A key factor in higher education quality and assurance is the concept of accreditation at both the institutional and programmatic levels. Accreditation continues to be the gold standard ‘stamp of approval’ within higher education. As the name surmises, institutional accreditation applies to the academic institution (college or university) as a whole. It is a voluntary process that assesses program delivery, faculty governance, and student outcomes, among other areas, for the overall college or university. It also plays a key role in determining whether a college or university can provide federal student loans.
Programmatic accreditation on the other hand, while focused on similar key areas, has a scope that is specific to a degree area within the institution. Common degrees areas with programmatic accreditation include business, engineering, and healthcare areas such as nursing. Additionally, a key aspect of accreditation is it is an ongoing process, and not simply a single box to check for a school. Once a college or university has applied for, and been awarded, accreditation there is a continual assessment and review process to ensure standards are being maintained.
Which Is Better?
A frequent learner question is ‘Should I look for institutional or programmatic accreditation?’ The answer is actually both. As colleges and universities want to ensure they are providing academic programs that meet academic and industry standards, they commonly rely on a combination of both institutional and programmatic accreditation. A common example would be the overall university having regional accreditation through the Higher Learning Commission (HLC) and the business programs offered by the school having programmatic accreditation through the Accreditation Council for Business Schools and Programs (ACBSP). A level of quality assurance for the overall university, and a second level specific to the business programs. A win-win for learners and organizations.
Over the past year, talking points around institutional accreditation in particular have surfaced more frequently. Traditionally, institutional accreditation in the U.S. has been divided into a regional vs. national approach. Regional accreditation has long been considered the gold standard for colleges and universities while national accreditation focuses more on vocational programs. A key distinction between the two relates to transferability of college credit. Courses taken at regionally accredited schools are more widely transferable which is a key concept for learners. In July of 2020, the Department of Education (DOE) stated they would no longer distinguish between regional and national accrediting agencies, instead relying only on institutional vs. programmatic terminology. This change did not create or remove any institutional accrediting agencies, instead it just lumped them all together. From a Bright Horizons perspective, this announcement did not change our approach to guiding learners. While the use of terms may have changed, we still consider the concept of regional accreditation to be the gold standard within higher education. This, in conjunction with programmatic accreditation are key areas to look for and we continue to advise learners in this manner.
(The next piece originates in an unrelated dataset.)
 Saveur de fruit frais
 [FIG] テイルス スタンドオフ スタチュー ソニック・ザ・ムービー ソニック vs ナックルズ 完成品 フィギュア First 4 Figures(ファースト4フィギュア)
In addition to accreditation type, another aspect of learning that continues to gain momentum, are short courses and other non-degree learning programs. Whether these programs are offered through universities, or online platforms such as Coursera, Udacity, or Udemy, the short-term approach draws interest from prospective learners. So, are these programs accredited? In many instances they are not, as they do not provide an opportunity for transferable college credit. At a college or university level, direct accreditation only applies to programs that provide recognized college credit.